Tsai won on a pro-independence platform, although she chose not to dwell on it during the campaign, but her speech signaled her stance on the so-called “1992 Consensus”, an informal understanding between Beijing and Taipei that leaves the idea of a single China to each other’s interpretation.
The existence of this principle has been disputed by Tsai’s Democratic Progressive Party but that has not stopped her pro-independence allies from invoking it.
They acknowledge that there is only one China but insist that Taiwan is a sovereign country.
We know that Beijing considers Taiwan a renegade province, so there’s the rub.
Tsai’s victory unravelled eight years of courtship by Beijing of her predecessor, Ma Ying-jeou, who ultimately paid the price for warming to the mainland in the resounding defeat of his Kuomintang allies.
Now Beijing finds itself again in choppy waters while Tsai ponders the best possible way to smooth them.
In a newspaper interview on Thursday, Tsai said she “understands and respects” the fact that Taiwan and China “reached some common acknowledgements and understanding in 1992″.

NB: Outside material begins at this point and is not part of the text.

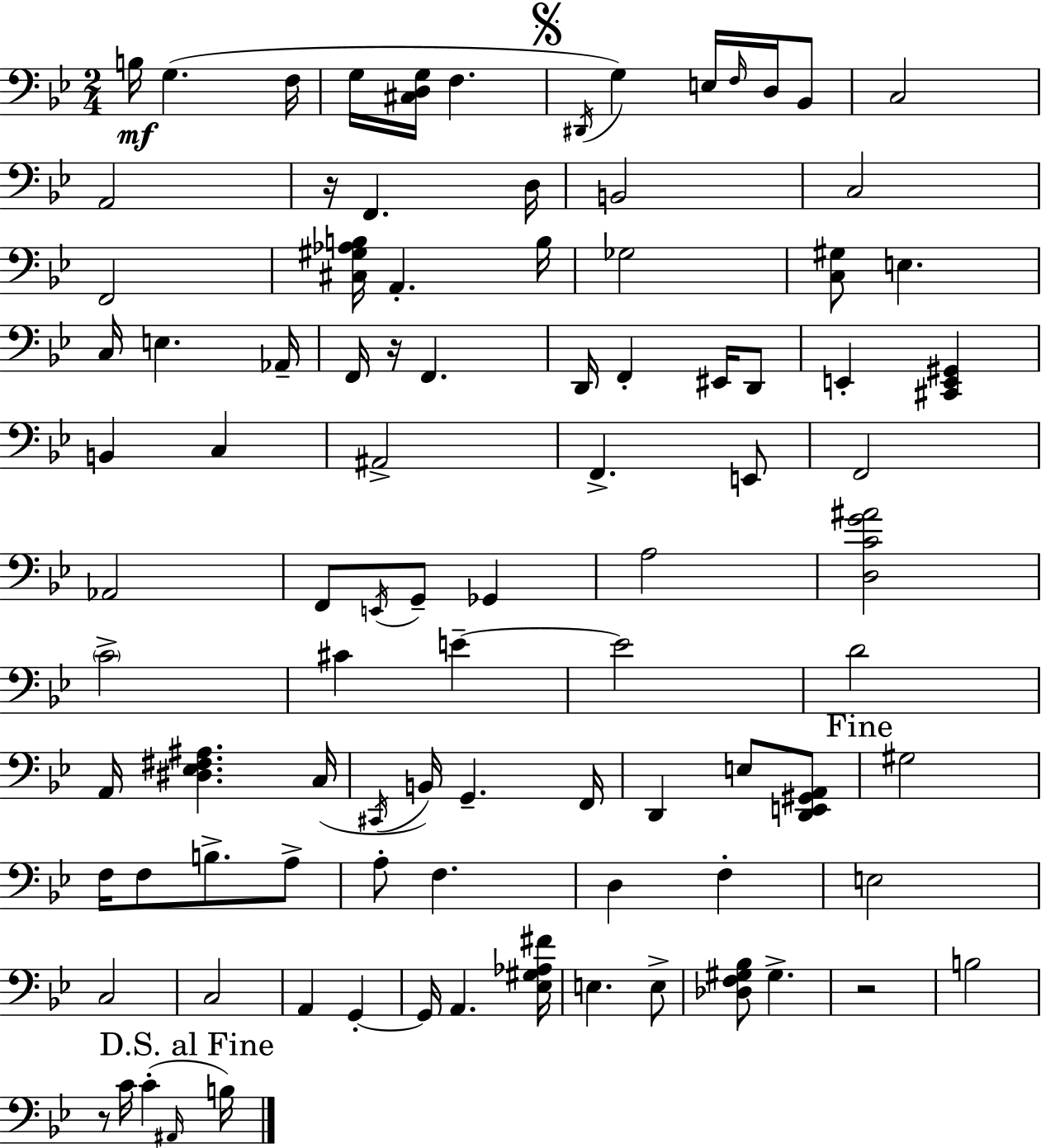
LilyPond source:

That was her first definitive statement on the 1992 Consensus since her election but she left Chinese officials in no doubt that she intends to run it past the Taiwan constitution and the Taiwanese people.
Tsai never sounded as forceful during the campaign. In fact, she pledged no upheavals or any “accidental events” while being consciously vague about her cross-strait policy.
China responded to Tsai’s comments with more of the same rhetoric that has muddled its relationship with the island for the past six decades or so.
Beijing’s Taiwan affairs chief told a visiting senior US diplomat that China is resolutely opposed to any “independence action” by Taiwan.
State-owned China Central Television supplied the exclamation mark by airing live-fire exercises and military maneuvers by the People’s Liberation Army.
A Taiwan military source called them “psychological warfare” intended to warn the incoming government in Taipei to tread carefully.
Already, there are signs China is prepared to make the Taiwanese pay for electing a president unfriendly to Beijing.
In March, Beijing will begin cutting the number of Chinese tourists to the island, according to reports.
It’s a return to the carrot-and-stick strategy on previous Taiwanese administrations that has produced mixed results but has been more successful in isolating the island from the rest of the world.
Beijing uses it to dangle billions of dollars in trade and investment deals on other countries that support the “One China” doctrine — and there are many of them.
But despite its diplomatic isolation, Taiwan has powerful friends of its own, notably the United States, Britain and Japan which were among the first to congratulate Tsai on her election victory.
This week, a petition launched in Britain to promote the idea of an independent Taiwan hit 17,000-plus signatures.
Its organizer, a Briton named Chapman Lee, wants Taiwan to be recognized as a country and callis the “One China” policy a “ridiculous idea that must be rejected”.
His campaign is not going to move the conversation one way or another but it’s an intriguing subplot in the unfolding story of Tsai’s impending presidency.